EXERCISE DATA:
◆ ◆ ◆ ◆ ◆

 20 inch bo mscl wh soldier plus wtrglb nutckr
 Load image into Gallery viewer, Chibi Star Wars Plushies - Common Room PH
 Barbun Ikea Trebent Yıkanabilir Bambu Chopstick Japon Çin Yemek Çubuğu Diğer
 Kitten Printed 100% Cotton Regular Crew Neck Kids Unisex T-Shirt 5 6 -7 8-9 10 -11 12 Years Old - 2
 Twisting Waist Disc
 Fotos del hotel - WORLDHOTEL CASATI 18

◆ ◆ ◆ ◆ ◆

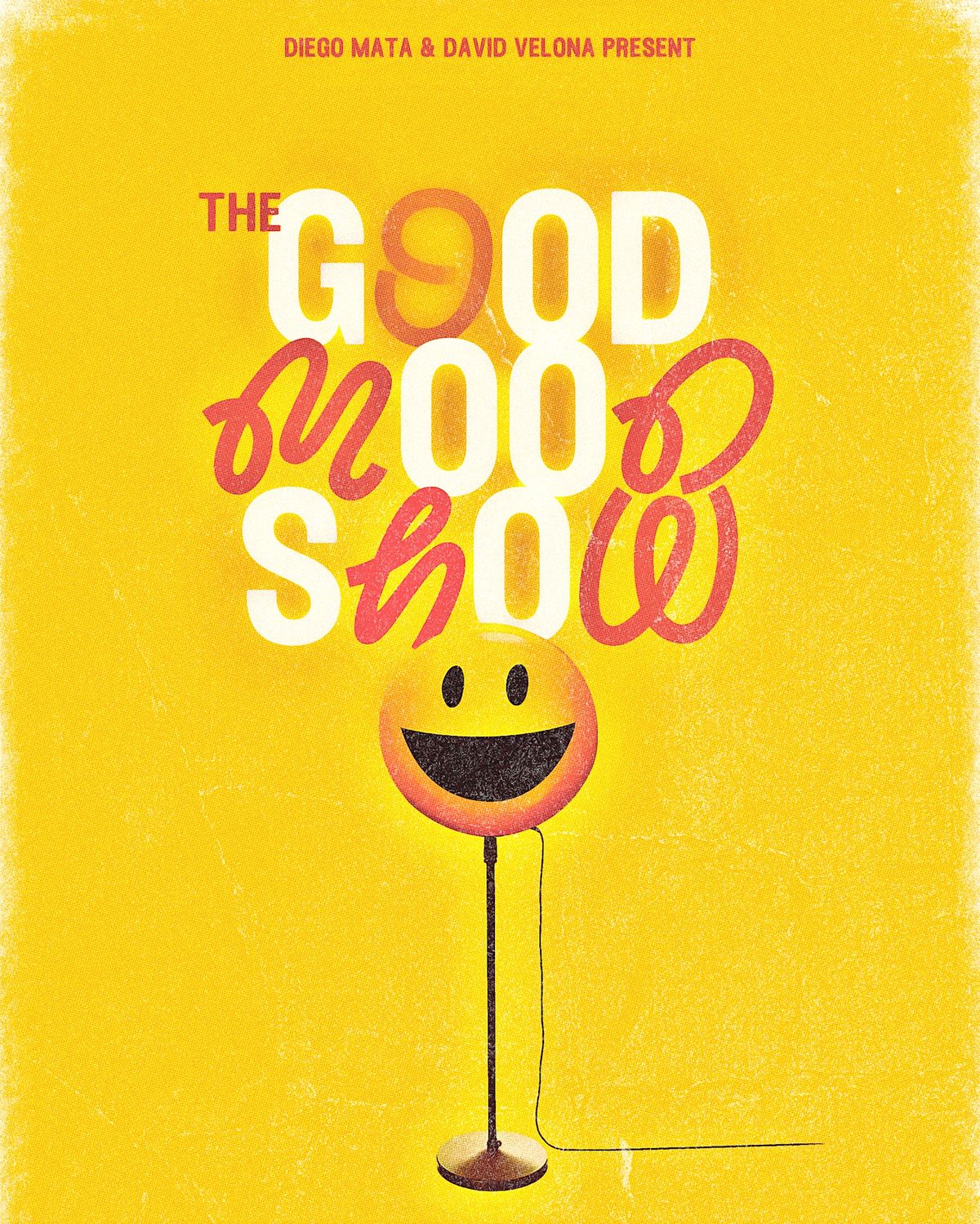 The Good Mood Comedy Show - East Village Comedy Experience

◆ ◆ ◆ ◆ ◆

TASK OBJECTIVE: Retype the portion of the data above that starts on the line with "20 inch bo mscl" and finishes on the line with "Barbun Ikea Trebent", including both of those lines.

COMPLETED EXERCISE:
 20 inch bo mscl wh soldier plus wtrglb nutckr
 Load image into Gallery viewer, Chibi Star Wars Plushies - Common Room PH
 Barbun Ikea Trebent Yıkanabilir Bambu Chopstick Japon Çin Yemek Çubuğu Diğer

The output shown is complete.